Mas é quando o segredo vem à tona que as coisas ficam verdadeiramente interessantes. Se a princípio ele parece sem graça, logo fica claro que existem camadas na história que ainda não foram reveladas e que a brincadeira de mostra-esconde ainda não terminou. Nesse momento, Knight deixa de se focar no mistério para focar nas consequências dele na vida dos personagens. Além disso, o único mistério revelado aqui é o conteúdo do livro, mas ainda não é possível ter certeza de que a história narrada seja uma versão fiel dos fatos, de modo que um mistério é eliminado, mas outro permanece.

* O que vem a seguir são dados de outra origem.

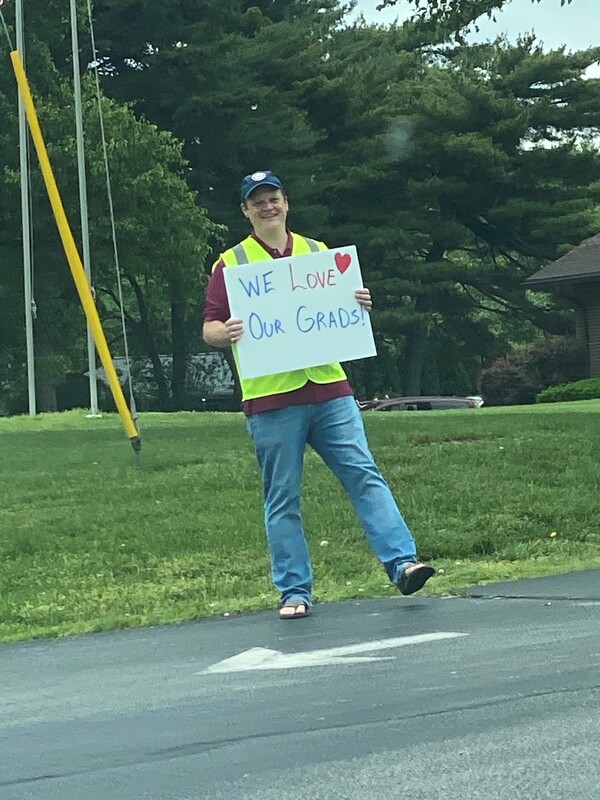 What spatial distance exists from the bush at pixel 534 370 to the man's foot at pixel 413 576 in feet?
98.5

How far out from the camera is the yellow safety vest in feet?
21.4

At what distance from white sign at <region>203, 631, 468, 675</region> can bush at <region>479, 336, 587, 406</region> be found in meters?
30.8

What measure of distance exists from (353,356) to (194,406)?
51.0m

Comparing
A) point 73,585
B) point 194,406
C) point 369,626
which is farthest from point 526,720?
point 194,406

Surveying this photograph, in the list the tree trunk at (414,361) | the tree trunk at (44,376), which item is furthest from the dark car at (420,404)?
the tree trunk at (44,376)

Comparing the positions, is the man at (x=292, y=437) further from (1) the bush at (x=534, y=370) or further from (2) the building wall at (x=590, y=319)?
(1) the bush at (x=534, y=370)

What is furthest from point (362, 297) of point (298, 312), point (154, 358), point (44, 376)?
point (154, 358)

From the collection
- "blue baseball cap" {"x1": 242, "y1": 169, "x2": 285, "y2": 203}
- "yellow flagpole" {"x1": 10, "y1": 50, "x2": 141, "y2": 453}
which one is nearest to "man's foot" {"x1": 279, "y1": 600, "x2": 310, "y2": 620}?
"blue baseball cap" {"x1": 242, "y1": 169, "x2": 285, "y2": 203}

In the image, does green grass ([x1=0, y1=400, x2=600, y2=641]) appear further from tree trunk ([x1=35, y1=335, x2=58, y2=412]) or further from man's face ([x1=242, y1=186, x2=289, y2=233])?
tree trunk ([x1=35, y1=335, x2=58, y2=412])

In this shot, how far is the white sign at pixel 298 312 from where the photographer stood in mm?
6520

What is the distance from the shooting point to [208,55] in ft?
128

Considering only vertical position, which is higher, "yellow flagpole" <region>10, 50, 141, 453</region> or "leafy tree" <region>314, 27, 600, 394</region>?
"leafy tree" <region>314, 27, 600, 394</region>

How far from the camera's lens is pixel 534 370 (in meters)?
37.1

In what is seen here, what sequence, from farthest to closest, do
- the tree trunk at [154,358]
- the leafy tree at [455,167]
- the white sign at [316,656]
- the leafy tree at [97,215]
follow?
the tree trunk at [154,358], the leafy tree at [455,167], the leafy tree at [97,215], the white sign at [316,656] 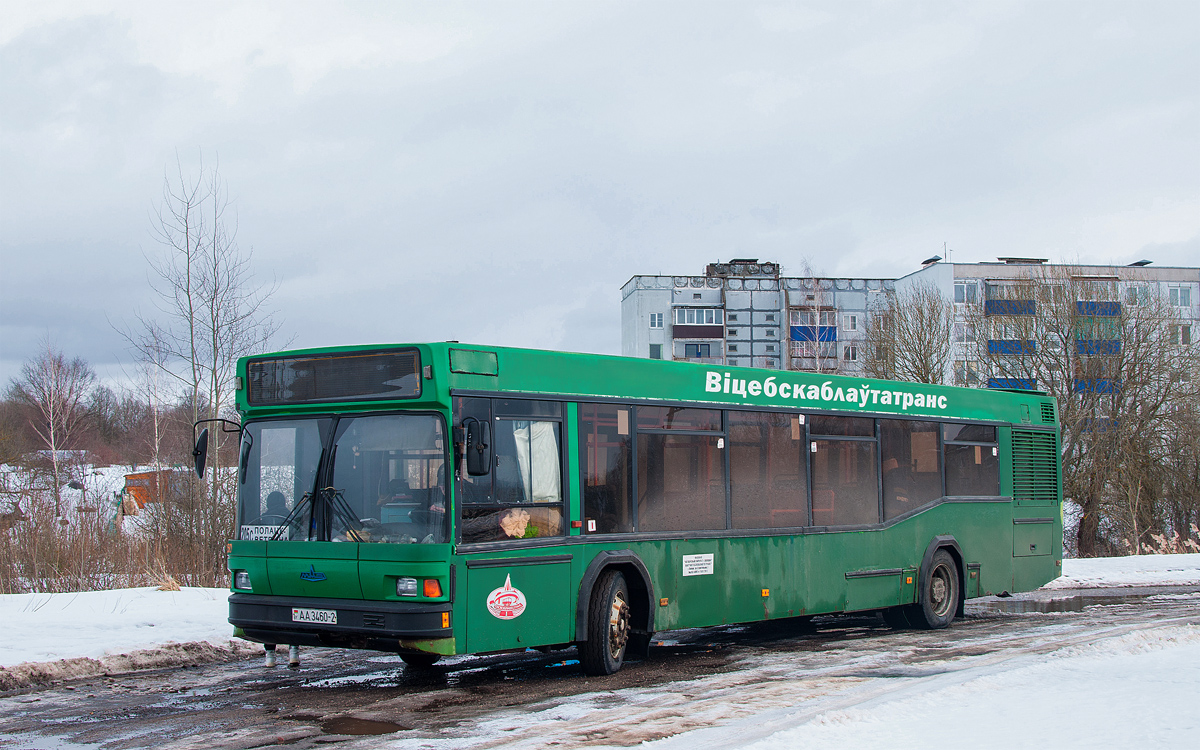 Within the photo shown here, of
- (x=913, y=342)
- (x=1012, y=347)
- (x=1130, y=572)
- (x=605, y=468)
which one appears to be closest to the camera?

É dessa forma que a autora brinca o tempo inteiro com as certezas do leitor, com o que ele sabe e o que apenas acredita que sabe, e com os equívocos das primeiras impressões. Aliás, nenhum acontecimento e nenhum personagem passam incólumes de uma avaliação errônea, o que me deixou admirada, especialmente por se tratar de um livro tão curto. E mesmo que Catherine seja a protagonista, é Stephen quem passa pela evolução mais interessante no decorrer da obra (não entro em detalhes para evitar spoilers).
Embora eu ache que Knight tenha escondido um pouco suas cartas a fim de surpreender no final, isso não chegou a me incomodar porque para mim o grande destaque do livro foi a maneira engenhosa que ela encontrou de contar a sua história. Devo dizer, porém, que fiquei com uma sensação de falta de carisma que não sei apontar de onde vem. Talvez tenha sido a extensão da minha leitura (quase o dobro do que normalmente levo para um livro desse tamanho), algo que sempre me incomoda.
Em sua estreia literária, Renée Knight conta sua história como um quebra-cabeças que desafia o leitor a descobrir o quanto primeiras impressões são confiáveis e o quanto qualquer história é apenas uma versão de algum acontecimento.